**Assignment:**
Copy exactly and only the lines running from the one that contains "Letter M Love" to the final line of the data below, without the pictures.

**Dataset section:**
§ §
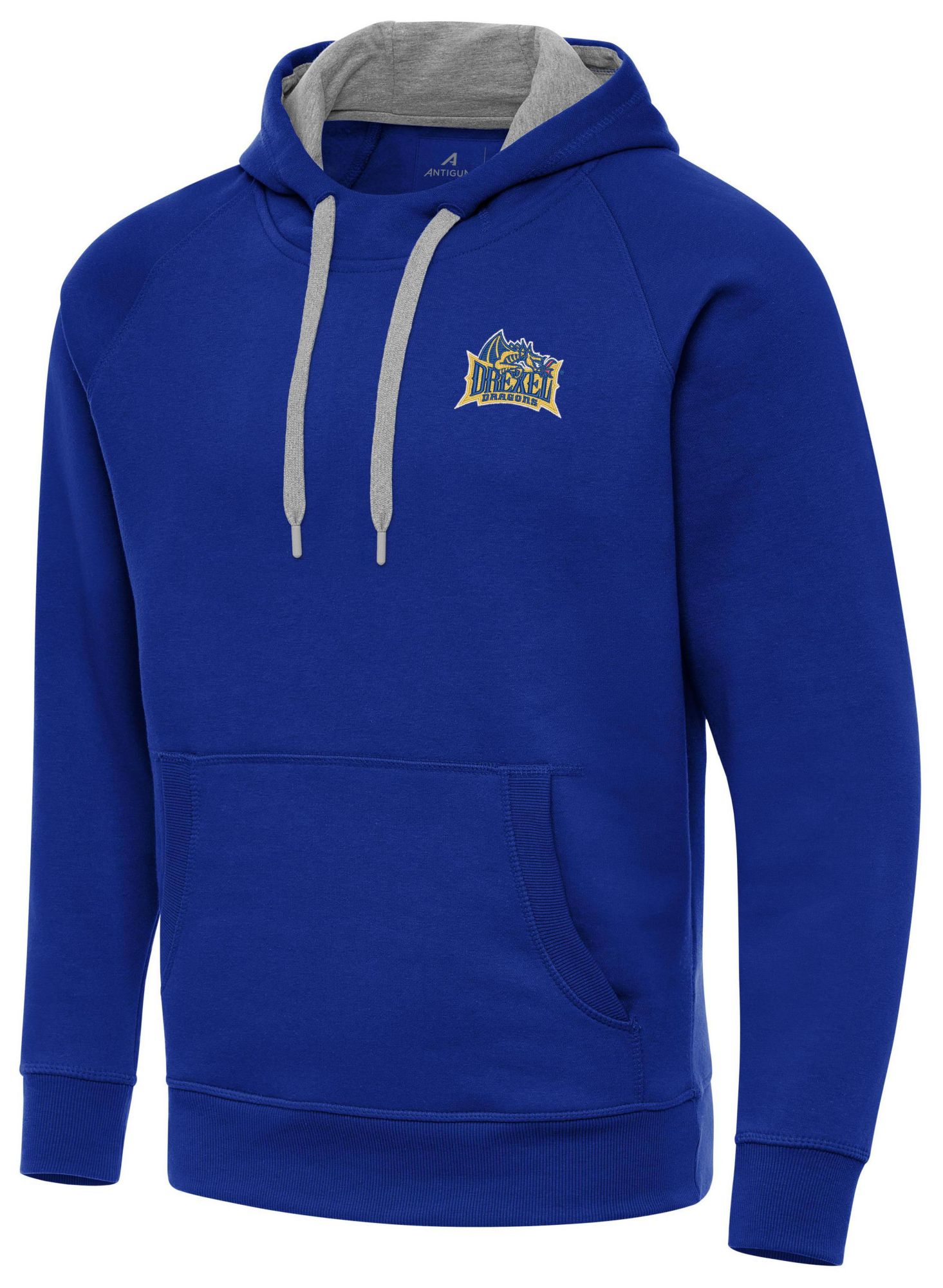 Antigua Men's Drexel Dragons Royal Victory Pullover Hoodie product image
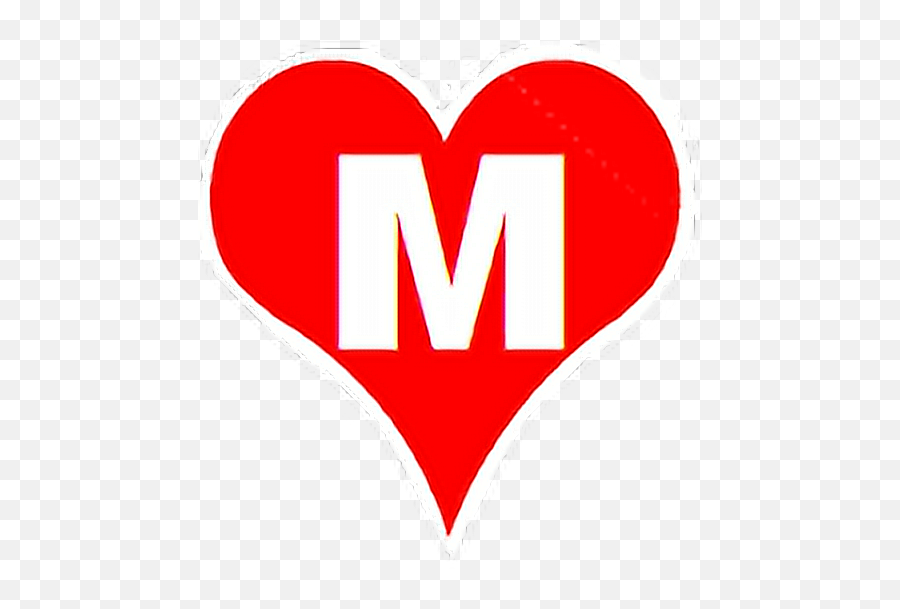 Letter M Love - Sticker By Jessie Letter A Love M Emoji,Letter M Emoji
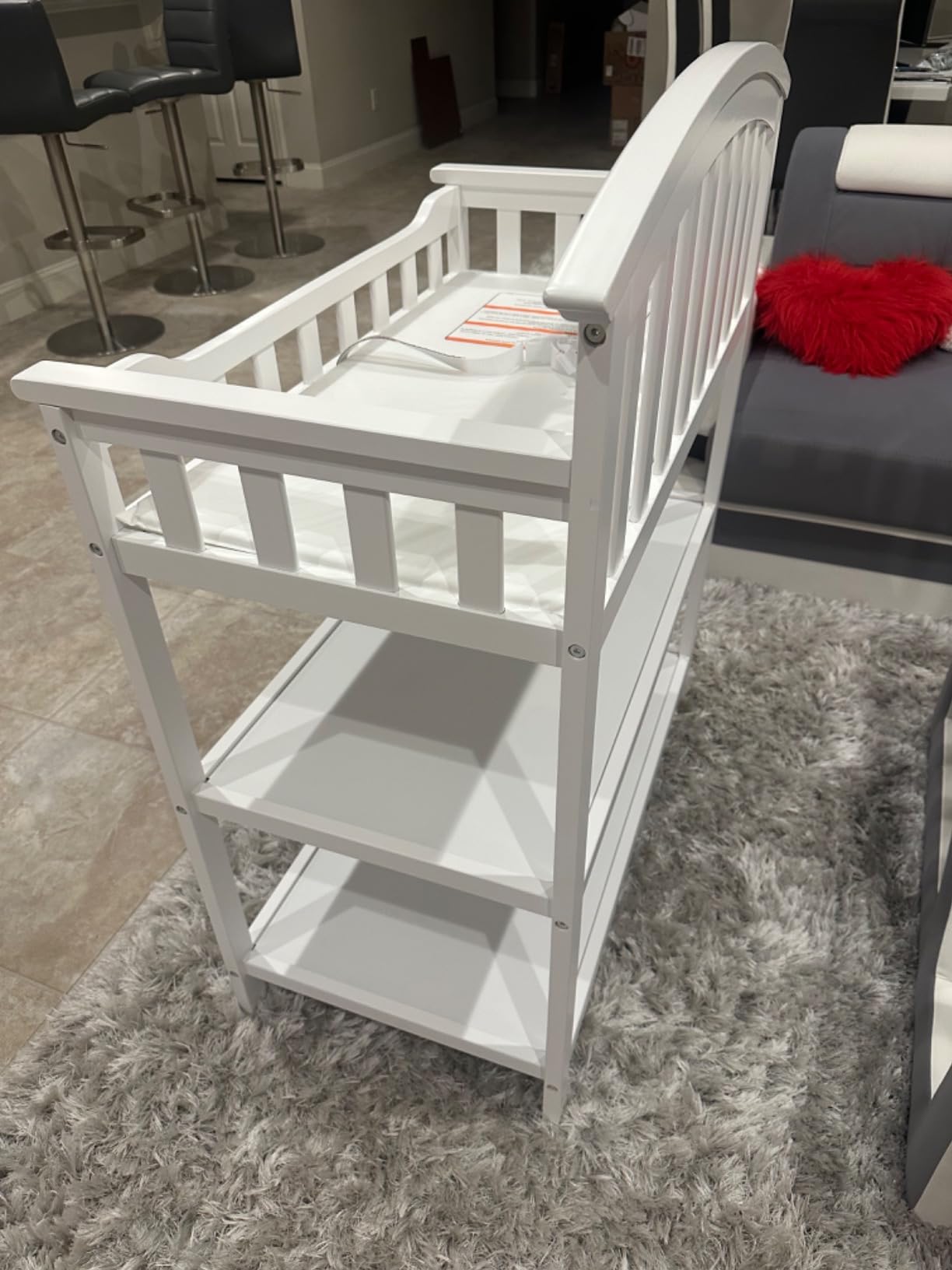 Graco Changing Table with Water-Resistant Changing Pad, White customer photo 1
§ §
**Response box:**
 Letter M Love - Sticker By Jessie Letter A Love M Emoji,Letter M Emoji
 Graco Changing Table with Water-Resistant Changing Pad, White customer photo 1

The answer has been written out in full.